__ASSIGNMENT__
When you write out the records, keep every line exactly as it is.

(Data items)

>>>>>

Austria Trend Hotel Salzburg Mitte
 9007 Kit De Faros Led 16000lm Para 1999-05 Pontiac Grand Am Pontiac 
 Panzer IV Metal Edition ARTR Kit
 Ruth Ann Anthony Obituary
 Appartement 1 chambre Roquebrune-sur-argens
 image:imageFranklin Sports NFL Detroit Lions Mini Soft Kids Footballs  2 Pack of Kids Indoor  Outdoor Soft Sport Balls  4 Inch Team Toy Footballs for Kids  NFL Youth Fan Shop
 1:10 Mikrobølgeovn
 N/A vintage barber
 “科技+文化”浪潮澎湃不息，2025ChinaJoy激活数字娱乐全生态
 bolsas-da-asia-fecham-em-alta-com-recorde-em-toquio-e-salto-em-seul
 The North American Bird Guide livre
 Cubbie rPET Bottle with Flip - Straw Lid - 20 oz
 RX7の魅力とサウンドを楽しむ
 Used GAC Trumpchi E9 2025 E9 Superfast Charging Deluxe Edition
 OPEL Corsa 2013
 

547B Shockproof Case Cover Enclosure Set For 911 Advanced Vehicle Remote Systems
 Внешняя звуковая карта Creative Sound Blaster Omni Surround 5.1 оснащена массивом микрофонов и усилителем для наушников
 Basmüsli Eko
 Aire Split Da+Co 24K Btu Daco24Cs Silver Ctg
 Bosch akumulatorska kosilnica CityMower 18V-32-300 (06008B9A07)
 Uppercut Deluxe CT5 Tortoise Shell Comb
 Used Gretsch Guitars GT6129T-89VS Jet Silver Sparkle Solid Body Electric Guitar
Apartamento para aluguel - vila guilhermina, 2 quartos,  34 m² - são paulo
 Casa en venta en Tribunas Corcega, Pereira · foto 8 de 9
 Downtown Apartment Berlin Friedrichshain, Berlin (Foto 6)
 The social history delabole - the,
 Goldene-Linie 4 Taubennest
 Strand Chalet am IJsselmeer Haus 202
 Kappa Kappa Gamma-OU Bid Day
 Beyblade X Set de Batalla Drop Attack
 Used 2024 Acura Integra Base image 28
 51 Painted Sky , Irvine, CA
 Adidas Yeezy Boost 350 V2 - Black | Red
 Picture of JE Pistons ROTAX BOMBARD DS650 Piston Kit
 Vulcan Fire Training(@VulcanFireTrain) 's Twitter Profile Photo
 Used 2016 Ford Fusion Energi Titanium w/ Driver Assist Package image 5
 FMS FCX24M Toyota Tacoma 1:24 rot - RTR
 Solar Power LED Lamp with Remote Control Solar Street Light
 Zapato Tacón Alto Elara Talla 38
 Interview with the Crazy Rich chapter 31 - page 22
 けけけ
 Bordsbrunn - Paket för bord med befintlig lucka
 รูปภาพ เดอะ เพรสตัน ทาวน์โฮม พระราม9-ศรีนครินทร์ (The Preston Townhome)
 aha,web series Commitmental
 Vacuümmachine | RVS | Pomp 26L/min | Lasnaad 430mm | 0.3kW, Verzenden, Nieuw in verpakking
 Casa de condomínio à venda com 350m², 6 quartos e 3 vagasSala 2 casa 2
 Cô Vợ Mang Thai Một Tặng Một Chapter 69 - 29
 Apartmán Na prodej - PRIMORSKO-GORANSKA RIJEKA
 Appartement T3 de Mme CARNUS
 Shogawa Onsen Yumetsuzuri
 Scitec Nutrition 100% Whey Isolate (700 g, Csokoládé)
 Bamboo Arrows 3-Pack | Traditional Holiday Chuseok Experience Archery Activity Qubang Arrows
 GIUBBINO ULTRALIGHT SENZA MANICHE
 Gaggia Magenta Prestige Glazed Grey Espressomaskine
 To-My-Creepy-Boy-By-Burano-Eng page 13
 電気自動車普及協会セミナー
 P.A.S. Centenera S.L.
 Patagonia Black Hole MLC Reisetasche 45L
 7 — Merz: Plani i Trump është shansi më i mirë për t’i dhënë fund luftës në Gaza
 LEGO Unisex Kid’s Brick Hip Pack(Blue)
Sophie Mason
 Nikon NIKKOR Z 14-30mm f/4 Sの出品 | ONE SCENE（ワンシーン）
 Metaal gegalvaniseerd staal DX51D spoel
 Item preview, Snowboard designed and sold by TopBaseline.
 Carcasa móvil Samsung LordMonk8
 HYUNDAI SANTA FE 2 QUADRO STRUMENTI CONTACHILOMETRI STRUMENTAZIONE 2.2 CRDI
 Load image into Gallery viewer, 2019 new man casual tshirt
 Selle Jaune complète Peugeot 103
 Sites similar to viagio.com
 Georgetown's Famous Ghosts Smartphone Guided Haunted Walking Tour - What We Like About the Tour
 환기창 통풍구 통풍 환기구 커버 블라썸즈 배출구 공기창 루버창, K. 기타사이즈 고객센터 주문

<<<<<

__FINISHED TASK__
Austria Trend Hotel Salzburg Mitte
 9007 Kit De Faros Led 16000lm Para 1999-05 Pontiac Grand Am Pontiac 
 Panzer IV Metal Edition ARTR Kit
 Ruth Ann Anthony Obituary
 Appartement 1 chambre Roquebrune-sur-argens
 image:imageFranklin Sports NFL Detroit Lions Mini Soft Kids Footballs  2 Pack of Kids Indoor  Outdoor Soft Sport Balls  4 Inch Team Toy Footballs for Kids  NFL Youth Fan Shop
 1:10 Mikrobølgeovn
 N/A vintage barber
 “科技+文化”浪潮澎湃不息，2025ChinaJoy激活数字娱乐全生态
 bolsas-da-asia-fecham-em-alta-com-recorde-em-toquio-e-salto-em-seul
 The North American Bird Guide livre
 Cubbie rPET Bottle with Flip - Straw Lid - 20 oz
 RX7の魅力とサウンドを楽しむ
 Used GAC Trumpchi E9 2025 E9 Superfast Charging Deluxe Edition
 OPEL Corsa 2013
 

547B Shockproof Case Cover Enclosure Set For 911 Advanced Vehicle Remote Systems
 Внешняя звуковая карта Creative Sound Blaster Omni Surround 5.1 оснащена массивом микрофонов и усилителем для наушников
 Basmüsli Eko
 Aire Split Da+Co 24K Btu Daco24Cs Silver Ctg
 Bosch akumulatorska kosilnica CityMower 18V-32-300 (06008B9A07)
 Uppercut Deluxe CT5 Tortoise Shell Comb
 Used Gretsch Guitars GT6129T-89VS Jet Silver Sparkle Solid Body Electric Guitar
Apartamento para aluguel - vila guilhermina, 2 quartos,  34 m² - são paulo
 Casa en venta en Tribunas Corcega, Pereira · foto 8 de 9
 Downtown Apartment Berlin Friedrichshain, Berlin (Foto 6)
 The social history delabole - the,
 Goldene-Linie 4 Taubennest
 Strand Chalet am IJsselmeer Haus 202
 Kappa Kappa Gamma-OU Bid Day
 Beyblade X Set de Batalla Drop Attack
 Used 2024 Acura Integra Base image 28
 51 Painted Sky , Irvine, CA
 Adidas Yeezy Boost 350 V2 - Black | Red
 Picture of JE Pistons ROTAX BOMBARD DS650 Piston Kit
 Vulcan Fire Training(@VulcanFireTrain) 's Twitter Profile Photo
 Used 2016 Ford Fusion Energi Titanium w/ Driver Assist Package image 5
 FMS FCX24M Toyota Tacoma 1:24 rot - RTR
 Solar Power LED Lamp with Remote Control Solar Street Light
 Zapato Tacón Alto Elara Talla 38
 Interview with the Crazy Rich chapter 31 - page 22
 けけけ
 Bordsbrunn - Paket för bord med befintlig lucka
 รูปภาพ เดอะ เพรสตัน ทาวน์โฮม พระราม9-ศรีนครินทร์ (The Preston Townhome)
 aha,web series Commitmental
 Vacuümmachine | RVS | Pomp 26L/min | Lasnaad 430mm | 0.3kW, Verzenden, Nieuw in verpakking
 Casa de condomínio à venda com 350m², 6 quartos e 3 vagasSala 2 casa 2
 Cô Vợ Mang Thai Một Tặng Một Chapter 69 - 29
 Apartmán Na prodej - PRIMORSKO-GORANSKA RIJEKA
 Appartement T3 de Mme CARNUS
 Shogawa Onsen Yumetsuzuri
 Scitec Nutrition 100% Whey Isolate (700 g, Csokoládé)
 Bamboo Arrows 3-Pack | Traditional Holiday Chuseok Experience Archery Activity Qubang Arrows
 GIUBBINO ULTRALIGHT SENZA MANICHE
 Gaggia Magenta Prestige Glazed Grey Espressomaskine
 To-My-Creepy-Boy-By-Burano-Eng page 13
 電気自動車普及協会セミナー
 P.A.S. Centenera S.L.
 Patagonia Black Hole MLC Reisetasche 45L
 7 — Merz: Plani i Trump është shansi më i mirë për t’i dhënë fund luftës në Gaza
 LEGO Unisex Kid’s Brick Hip Pack(Blue)
Sophie Mason
 Nikon NIKKOR Z 14-30mm f/4 Sの出品 | ONE SCENE（ワンシーン）
 Metaal gegalvaniseerd staal DX51D spoel
 Item preview, Snowboard designed and sold by TopBaseline.
 Carcasa móvil Samsung LordMonk8
 HYUNDAI SANTA FE 2 QUADRO STRUMENTI CONTACHILOMETRI STRUMENTAZIONE 2.2 CRDI
 Load image into Gallery viewer, 2019 new man casual tshirt
 Selle Jaune complète Peugeot 103
 Sites similar to viagio.com
 Georgetown's Famous Ghosts Smartphone Guided Haunted Walking Tour - What We Like About the Tour
 환기창 통풍구 통풍 환기구 커버 블라썸즈 배출구 공기창 루버창, K. 기타사이즈 고객센터 주문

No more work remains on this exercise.